[[ Data excerpts, beginning ]]
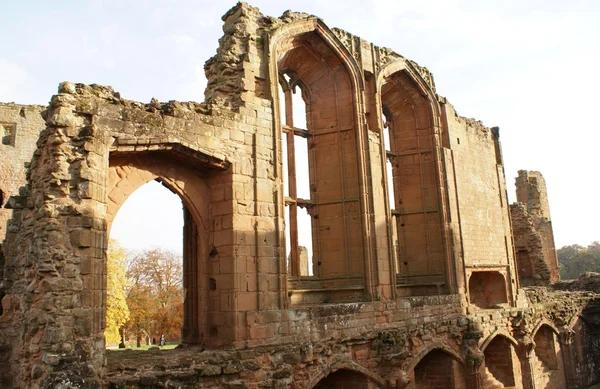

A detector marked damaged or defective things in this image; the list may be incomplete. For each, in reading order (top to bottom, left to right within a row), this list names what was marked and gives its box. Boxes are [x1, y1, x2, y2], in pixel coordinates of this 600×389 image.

broken parapet [508, 171, 560, 284]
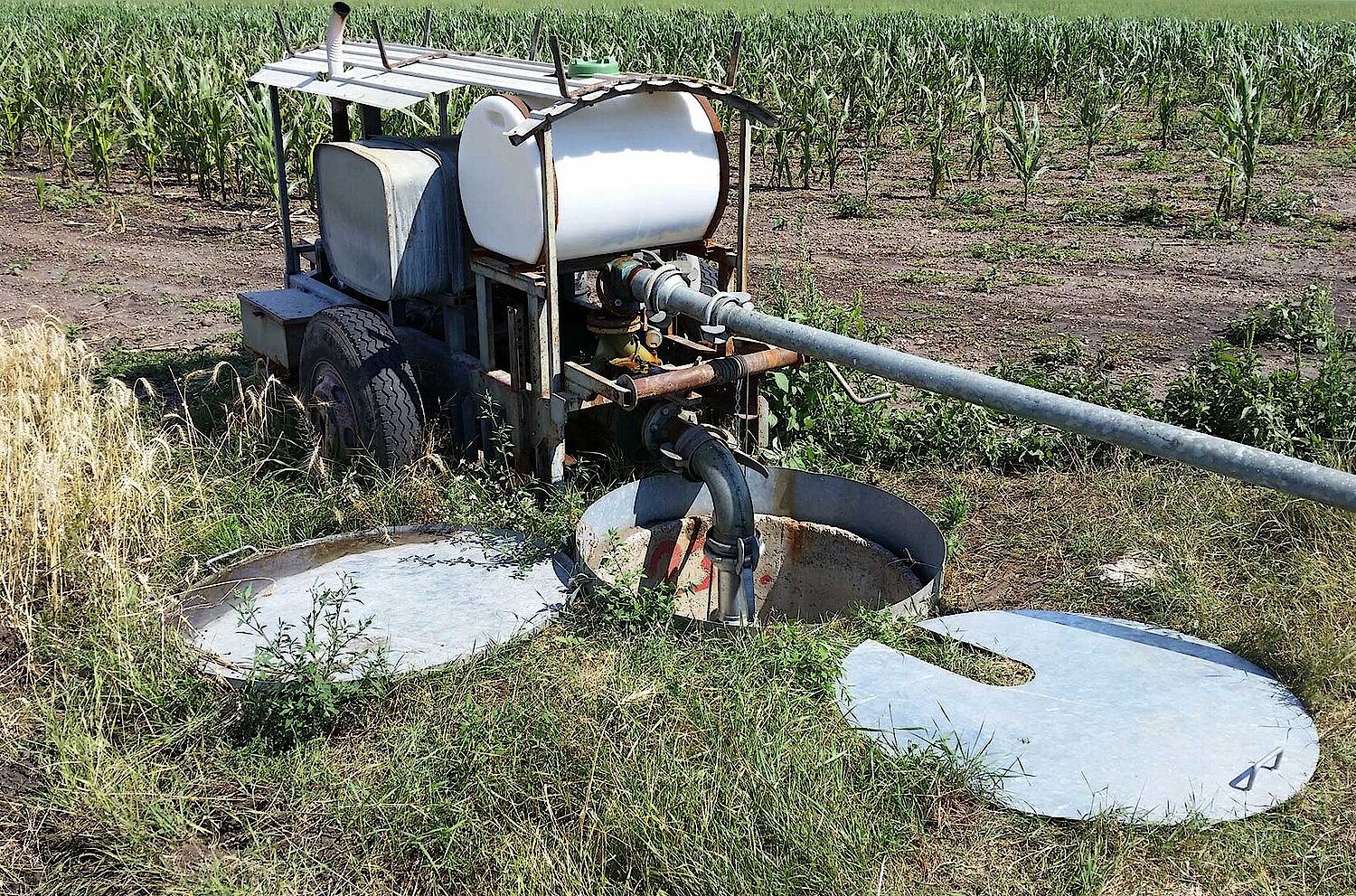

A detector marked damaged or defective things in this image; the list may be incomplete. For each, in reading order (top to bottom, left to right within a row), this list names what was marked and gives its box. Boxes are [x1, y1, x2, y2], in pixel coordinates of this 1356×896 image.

rusty pipe section [618, 344, 797, 401]
rusty pipe section [621, 256, 1356, 509]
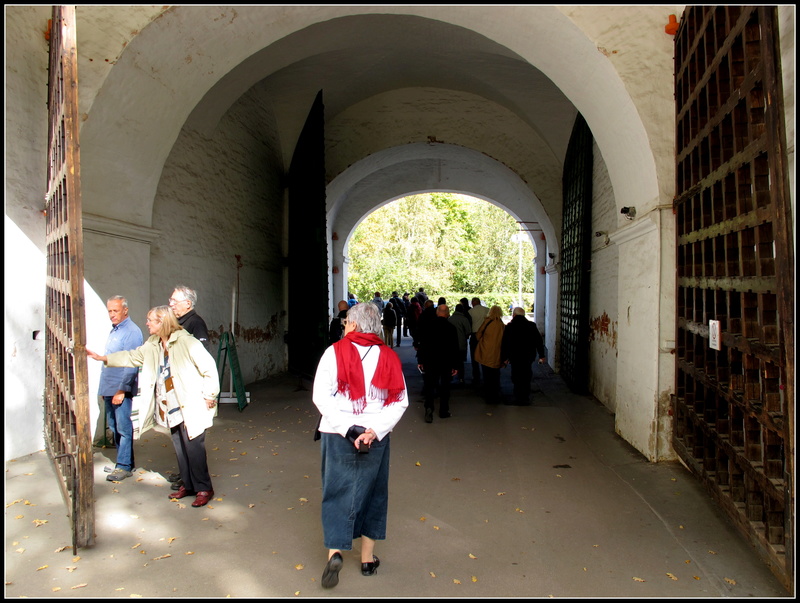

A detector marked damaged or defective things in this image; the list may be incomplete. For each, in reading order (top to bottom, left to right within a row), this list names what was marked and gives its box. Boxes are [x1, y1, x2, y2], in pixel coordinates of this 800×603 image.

rusty metal door [44, 4, 94, 548]
rusty metal door [676, 5, 792, 588]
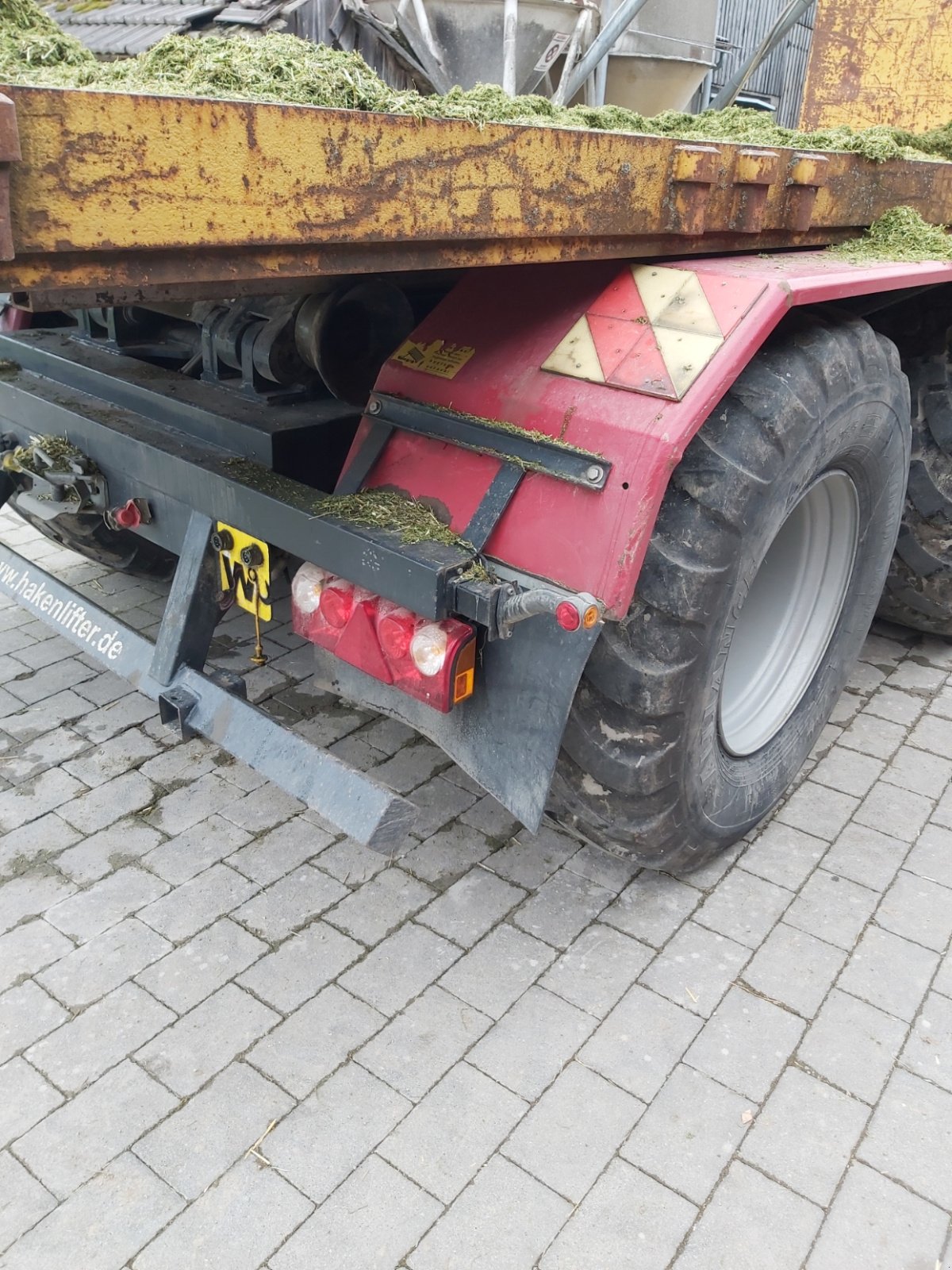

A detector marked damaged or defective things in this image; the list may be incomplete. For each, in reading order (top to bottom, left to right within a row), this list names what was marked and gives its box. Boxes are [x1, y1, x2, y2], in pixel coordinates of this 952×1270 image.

rusty yellow metal container [807, 0, 952, 131]
rusty yellow metal container [2, 82, 952, 307]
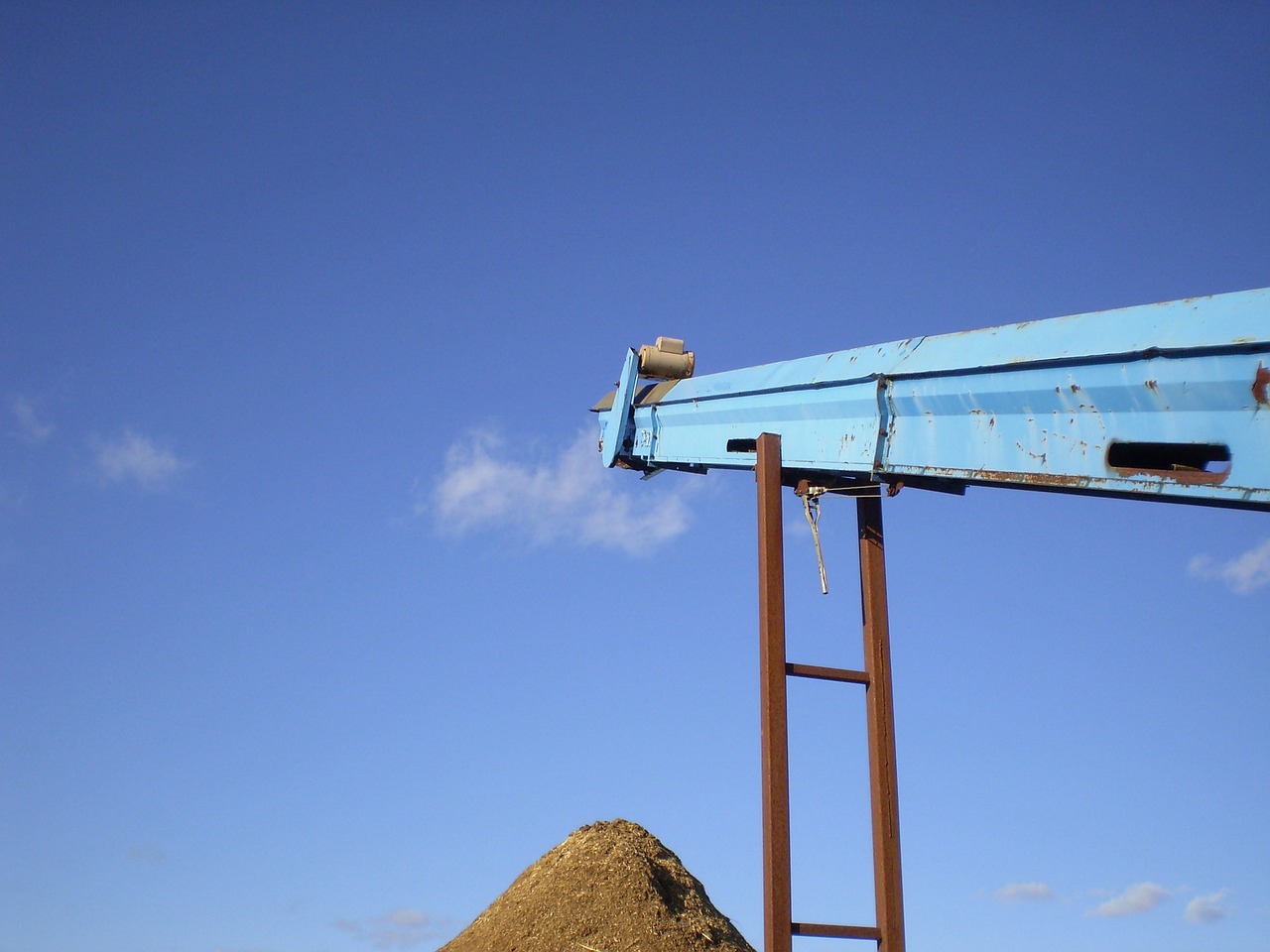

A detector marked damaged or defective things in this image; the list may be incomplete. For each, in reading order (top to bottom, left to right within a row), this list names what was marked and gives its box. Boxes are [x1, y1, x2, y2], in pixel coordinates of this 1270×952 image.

rust stain [1249, 363, 1270, 409]
rusty steel column [756, 436, 787, 952]
rusty steel column [858, 492, 909, 952]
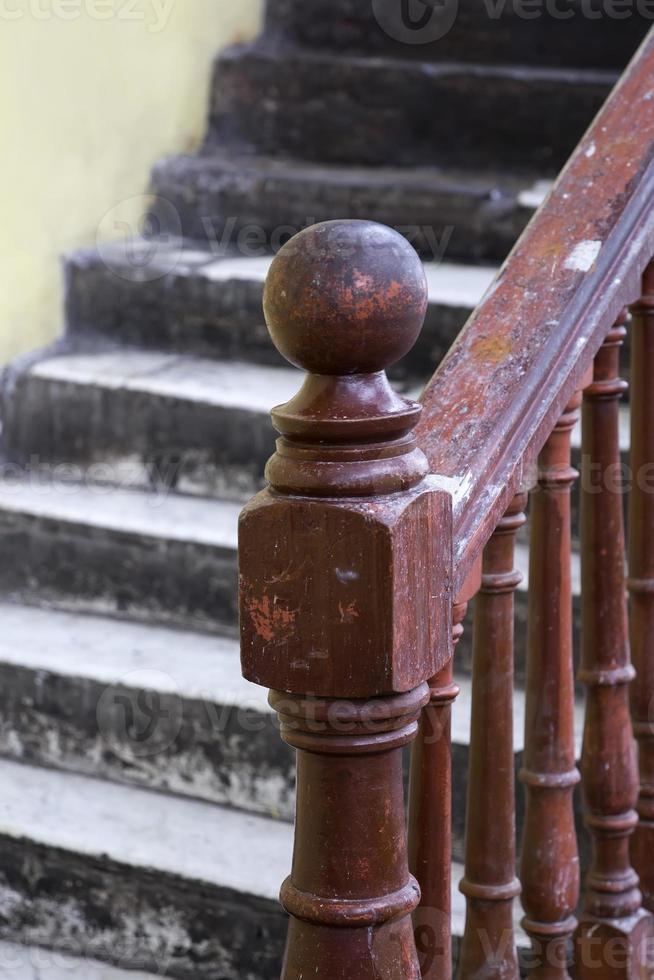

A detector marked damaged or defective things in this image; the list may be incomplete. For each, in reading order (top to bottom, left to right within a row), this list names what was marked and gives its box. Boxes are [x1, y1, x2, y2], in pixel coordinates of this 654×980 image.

chipped paint patch [568, 242, 604, 276]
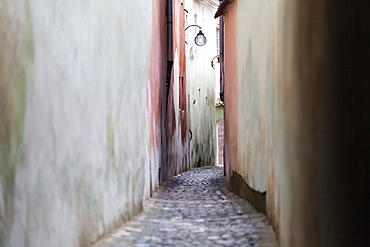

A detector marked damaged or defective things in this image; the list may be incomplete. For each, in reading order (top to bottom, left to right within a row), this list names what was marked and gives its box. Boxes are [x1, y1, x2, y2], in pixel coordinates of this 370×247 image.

peeling painted wall [0, 0, 162, 246]
peeling painted wall [184, 0, 217, 168]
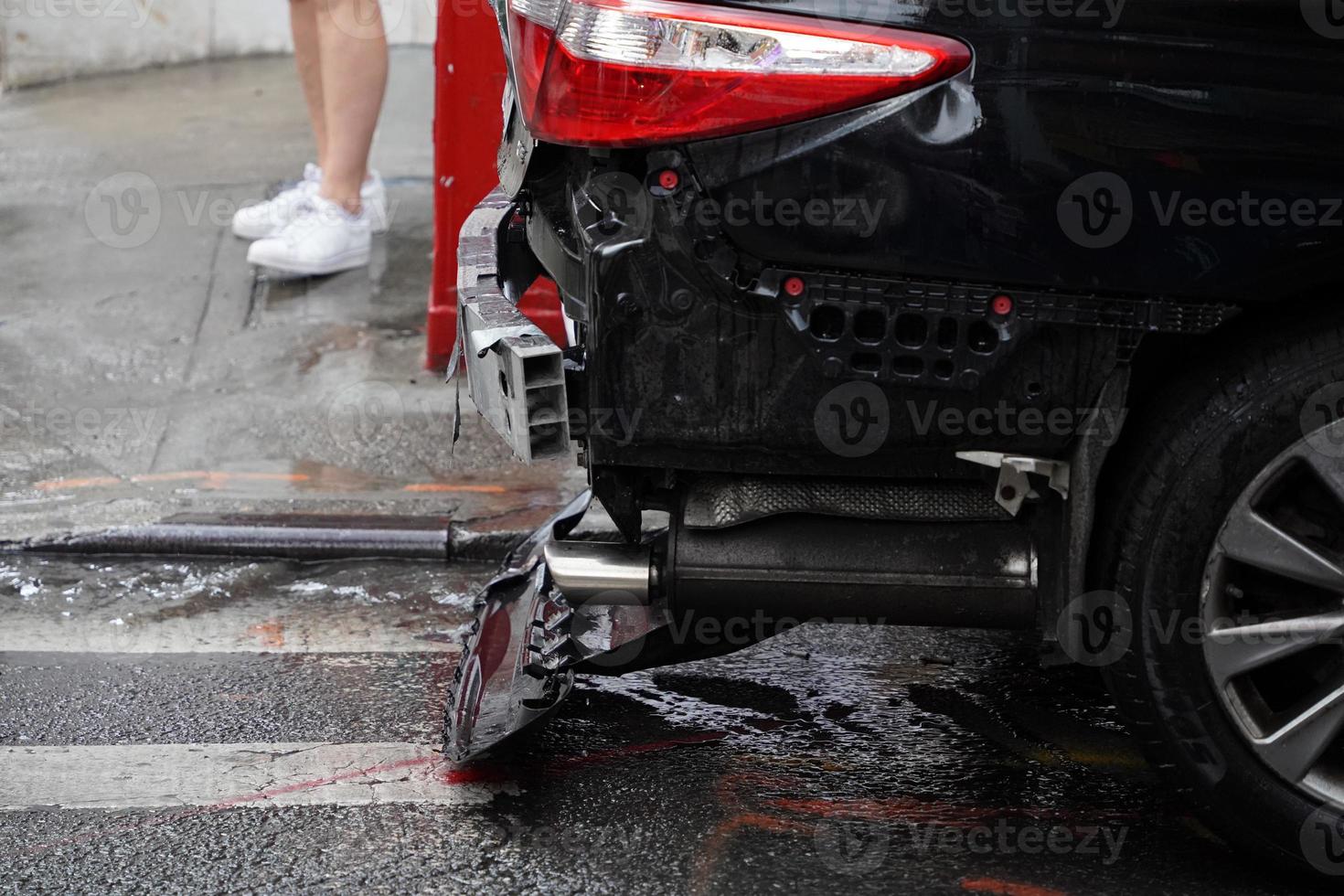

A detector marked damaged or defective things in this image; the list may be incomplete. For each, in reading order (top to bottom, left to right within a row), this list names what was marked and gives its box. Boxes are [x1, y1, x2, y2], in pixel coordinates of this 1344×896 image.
[[ Data excerpts, end ]]
Instructions to follow: Please return only the lines running from the line with "this 370×247 image." to the final line of the data, both included, exactly and without any pictures.

Task solution:
A detector marked damaged or defective things in this image; the list may be incomplete. For each, in reading order (top to bottom, left to right within a row), this list names what was marked and gives its box. Boxes are [x1, y1, x2, y2], in pixel coordinates of this 370×247 image.

peeling painted wall [0, 0, 162, 246]
peeling painted wall [184, 0, 217, 168]

A detector marked damaged or defective things in this image; the list may be incomplete. For each, in reading order (top to bottom, left to right within a row), this list names what was marked and gives its box. Boxes are [x1, y1, x2, y2], in pixel coordinates of this 1344×896 image.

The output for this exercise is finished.